== Segment start ==

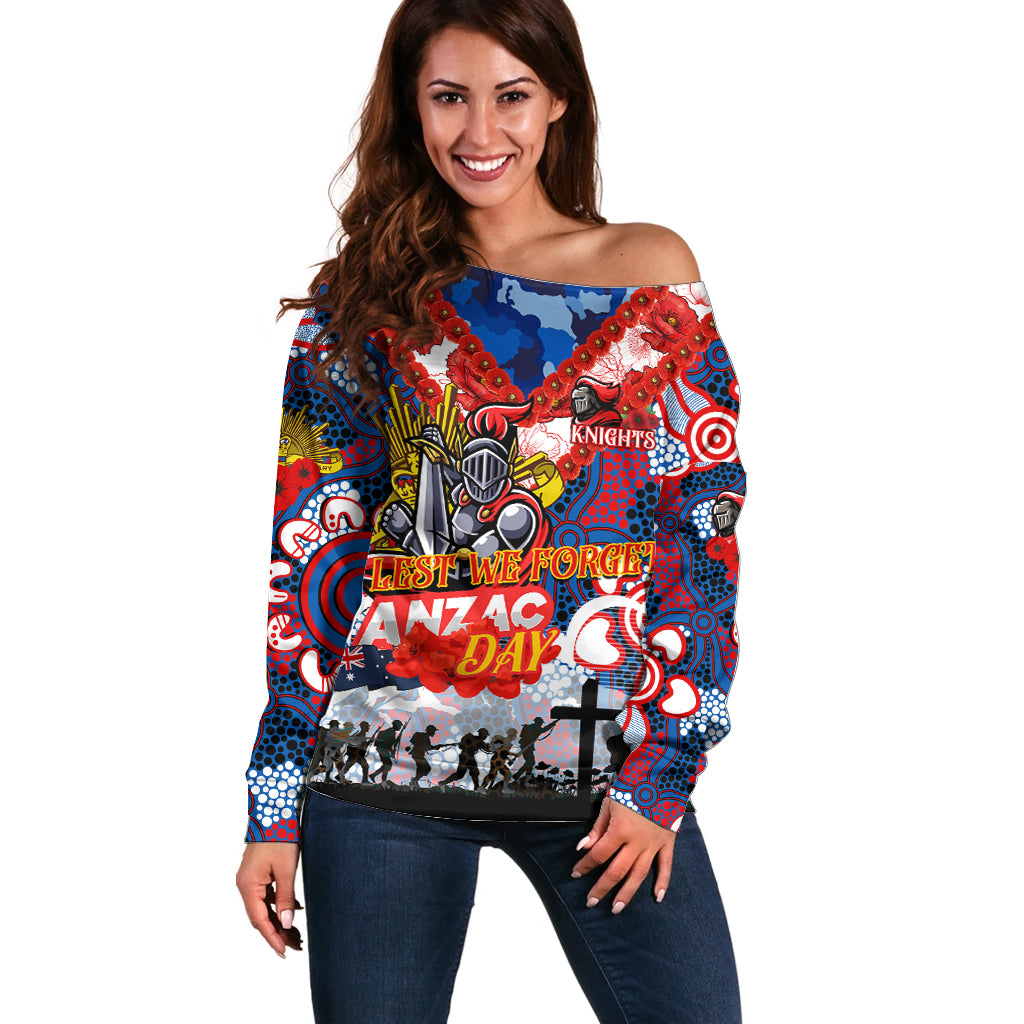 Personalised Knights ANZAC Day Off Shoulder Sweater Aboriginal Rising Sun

== Segment end ==
== Segment start ==

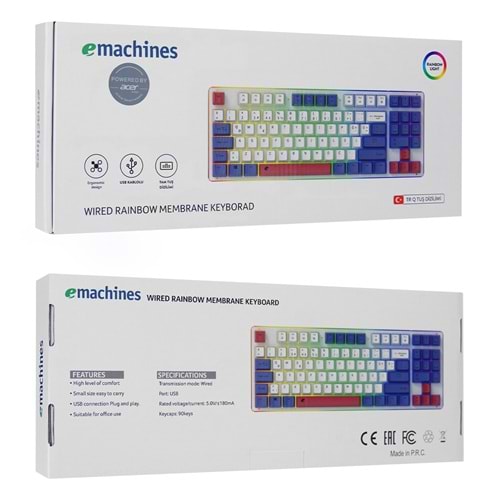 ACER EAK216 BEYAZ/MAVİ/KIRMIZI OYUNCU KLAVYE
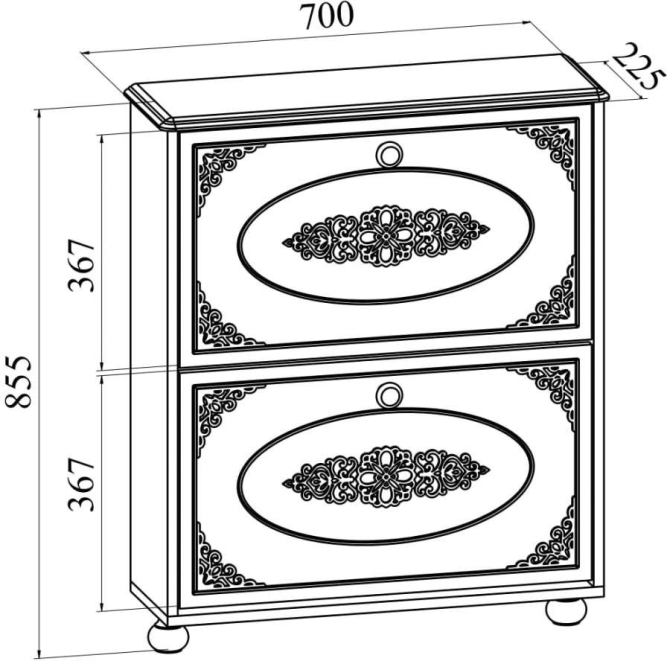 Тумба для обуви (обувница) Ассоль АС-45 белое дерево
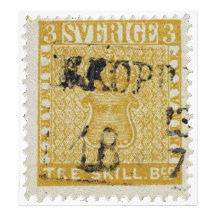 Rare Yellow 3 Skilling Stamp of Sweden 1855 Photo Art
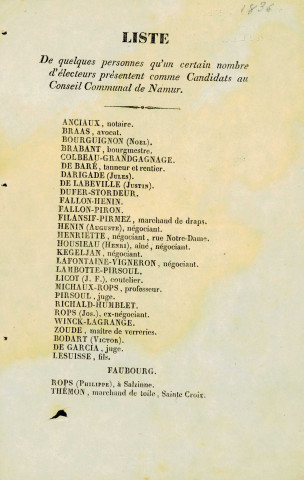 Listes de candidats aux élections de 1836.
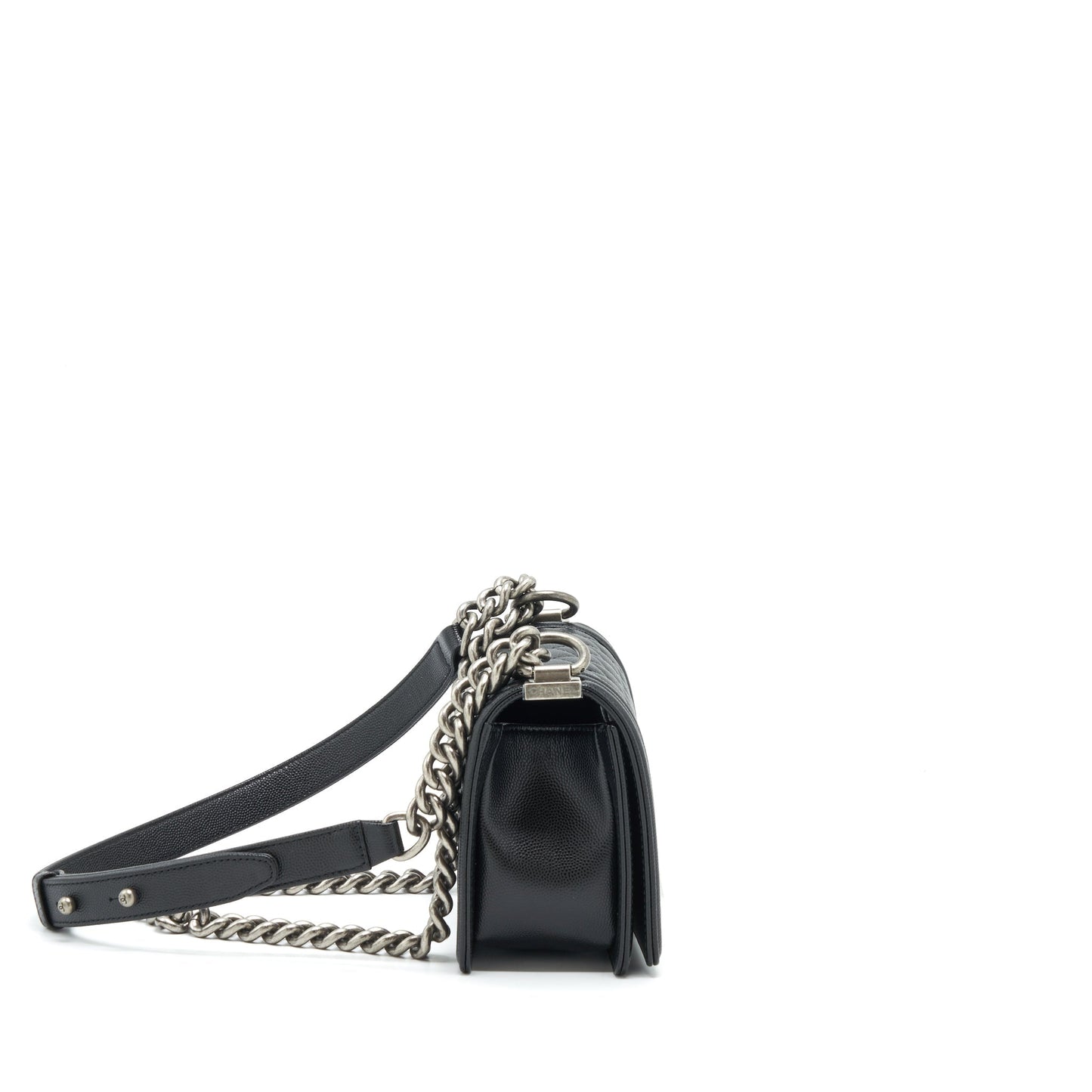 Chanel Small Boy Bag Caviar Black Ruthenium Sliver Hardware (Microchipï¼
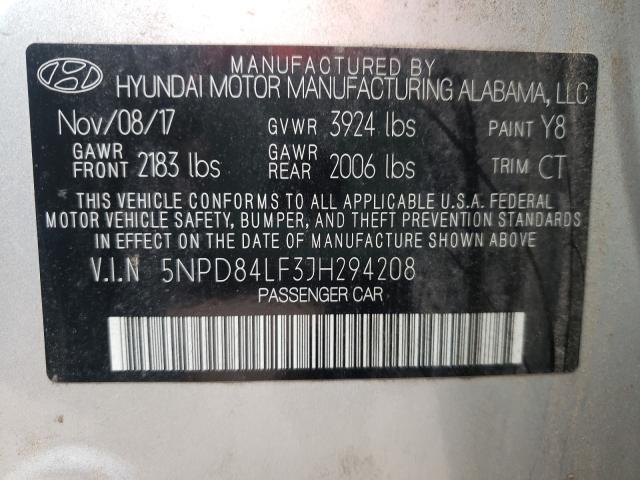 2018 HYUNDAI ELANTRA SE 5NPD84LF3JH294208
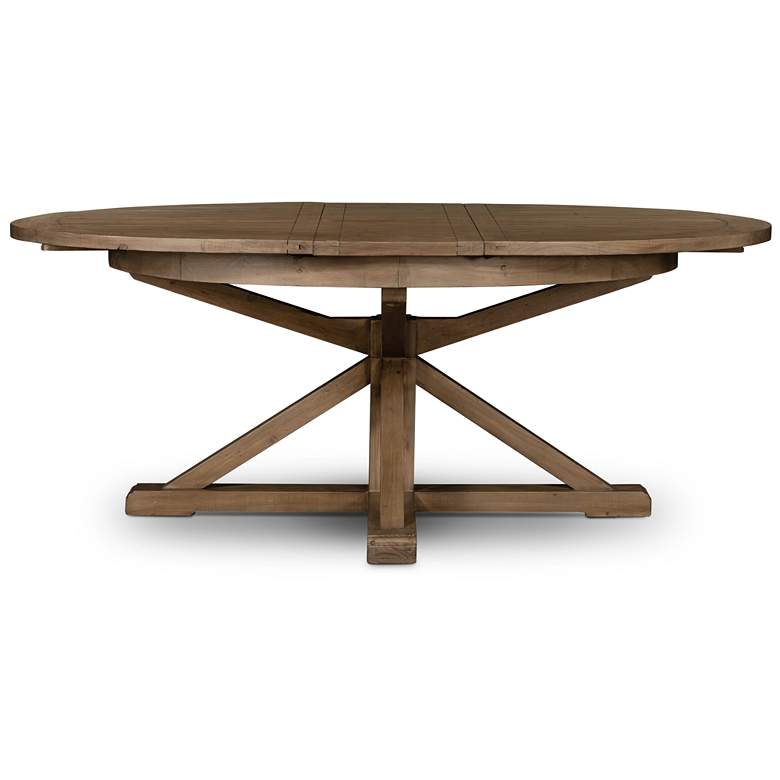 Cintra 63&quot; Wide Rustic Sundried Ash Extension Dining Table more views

== Segment end ==
== Segment start ==

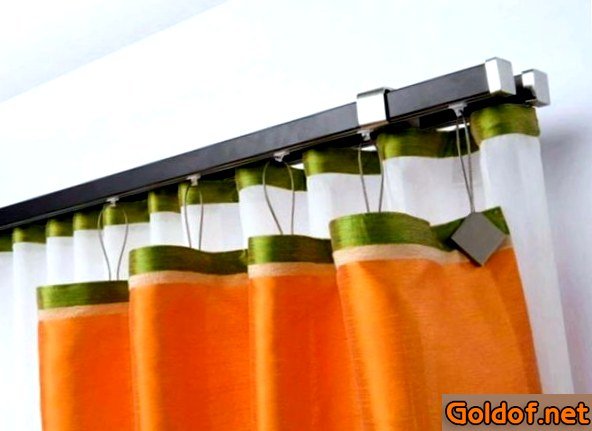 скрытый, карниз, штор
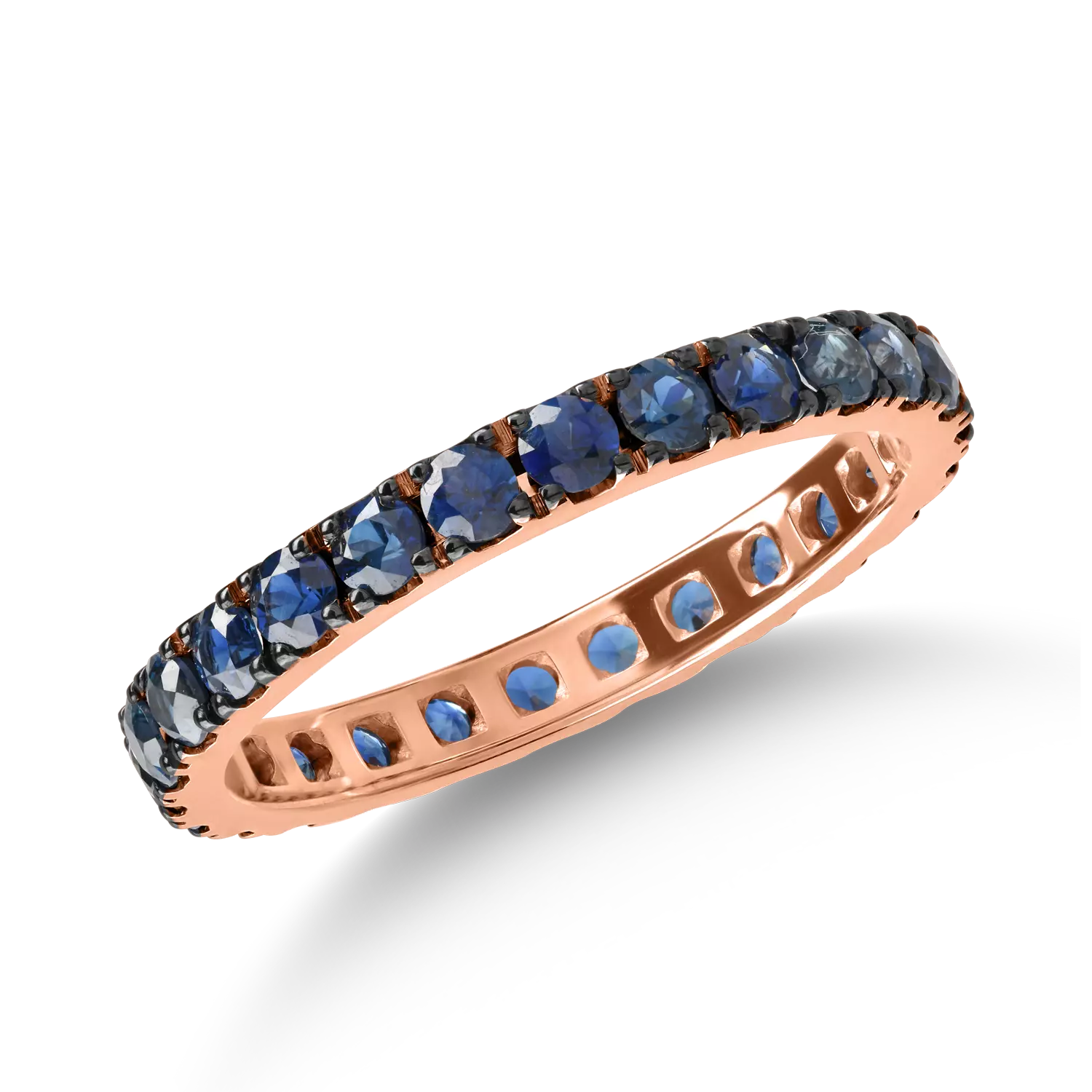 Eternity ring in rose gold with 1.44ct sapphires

== Segment end ==

Problem requirements: Go back to the listing above and reproduce, exactly, the stretch from the line bearing "скрытый, карниз, штор" through the line bearing "Eternity ring in", without its pictures.

Response box:
 скрытый, карниз, штор
 Eternity ring in rose gold with 1.44ct sapphires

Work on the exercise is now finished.